▶ [Available data]

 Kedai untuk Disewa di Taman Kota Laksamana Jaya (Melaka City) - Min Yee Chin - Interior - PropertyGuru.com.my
...
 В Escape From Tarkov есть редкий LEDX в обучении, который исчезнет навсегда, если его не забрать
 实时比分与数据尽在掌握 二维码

▶ [Exercise objective]
Set down, exactly as they appear above, all lines from the one that has "В Escape From" down to the one that has "实时比分与数据尽在掌握 二维码", including those two and no others.

▶ [Response to this exercise]
 В Escape From Tarkov есть редкий LEDX в обучении, который исчезнет навсегда, если его не забрать
 实时比分与数据尽在掌握 二维码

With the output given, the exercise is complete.